In anger, the elder son refuses to join in the celebration, thus physically distancing himself from his family and his own role as elder son in a celebration of this kind. “At such a banquet the older son has a special semi-official responsibility. He is expected to move among the guests, offering compliments, making sure everyone has enough to eat, ordering the servants around and, in general, becoming a sort of major-domo of the feast. [Baily, 294]

His refusal to enter his own home is also a refusal to share in the meal, a symbolic act of epic proportions in a culture where kinship boundaries are secured through the sharing of food. In his reply to the elder brother, the slave had referred to “your brother” and “your father,” but the elder son’s actions reveal a different understanding of familial relations. When addressing his father, he does not name him as “Father.” Similarly, the younger son is only “your son” – pointedly not “my brother.” Clearly the elder brother does not support his father’s resolution concerning the younger son.

The elder son’s anger and self-righteousness make him resentful; not even the return of his brother will make him share the family celebration. The tragedy here is that while the older son has never left home, never disobeyed, and has “slaved” faithfully – he has also never felt rewarded and thus resents the father’s joy at his brother’s return. In contrast to joy, the older son feels anger or rage which is freely expressed in every gesture (refusal to enter the house) and word (his responses to his father). The anger he feels for his father is transferred to his brother. The older son has not only failed to recognize his privileged position with his father, but he is also blind to the fact that his father offers him the same constant care and concern – the father comes out to him also, seeking what is being lost.

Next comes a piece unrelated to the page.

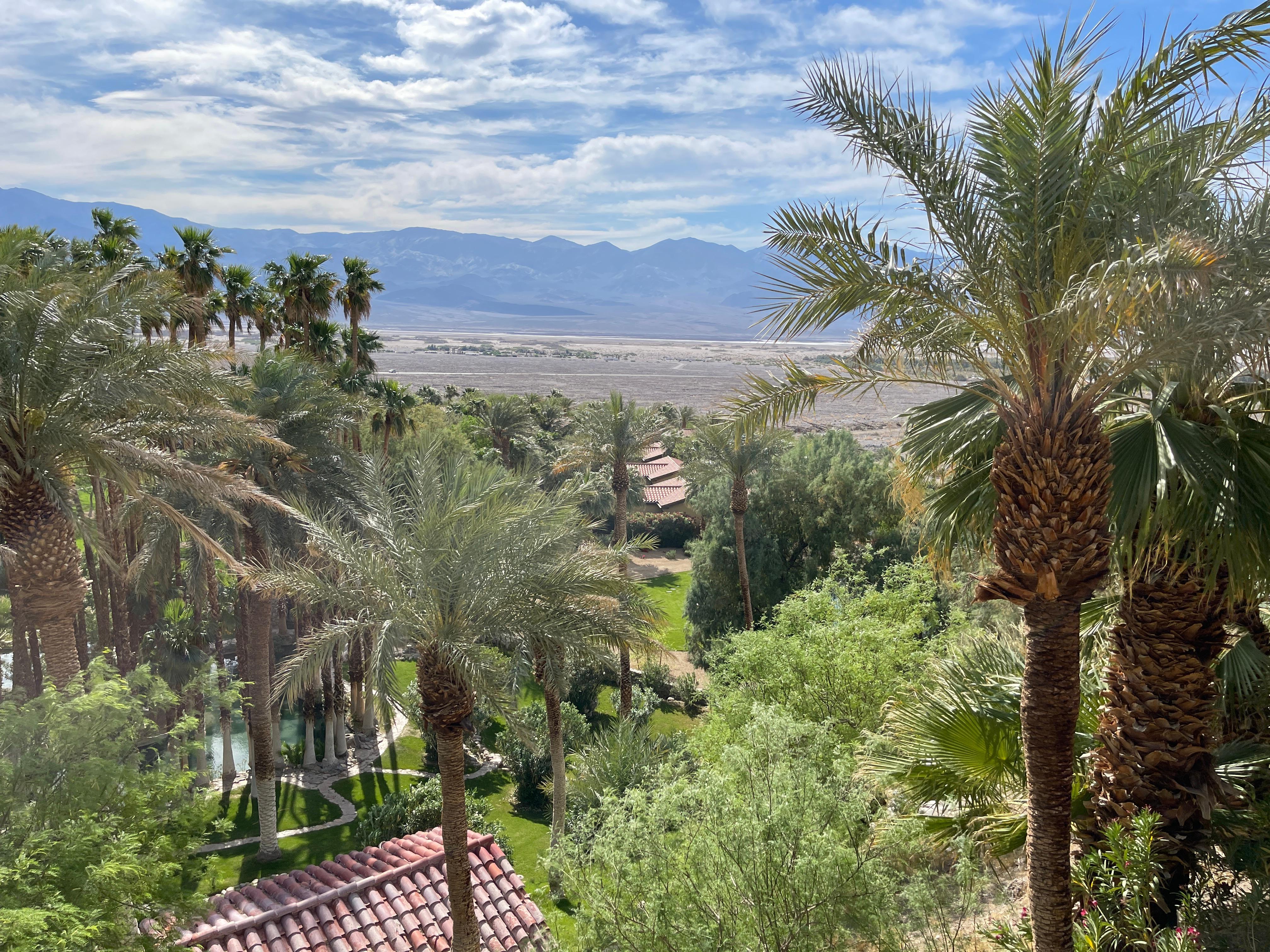 View from the room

Again the pivot is the father’s love. He goes out to the elder son as he had gone out to the younger. He wants both of them to be happy. The elder son cannot see beyond propriety and is trapped in his own righteousness. The father does not deny the faithfulness of his elder son. He implies that all that is beside the point at this special moment. Something far more important is going on: a son and brother has returned from the dead. Everything else fades before that fact: “But now we must celebrate and rejoice!” Within the father’s words is this key message: “one cannot be a son without also being a brother.”

The father has extended unconditional forgiveness to both sons prior to their repentance. Despite each son’s contemptuous behavior, the father assures them they are loved and belong. The attitude of the father is not determined by their attitude, but by his own attitude.  Martin Luther’s first thesis was that “the entire life of the believer should be one of repentance.”  While doctrinally correct, it is not achievable in human effort. Even the mostly stoutly religious, in the end, must rely on the grace of God.  When all is said and done in this life, having lived well or not, one must leave all in the hands of a merciful and gracious God.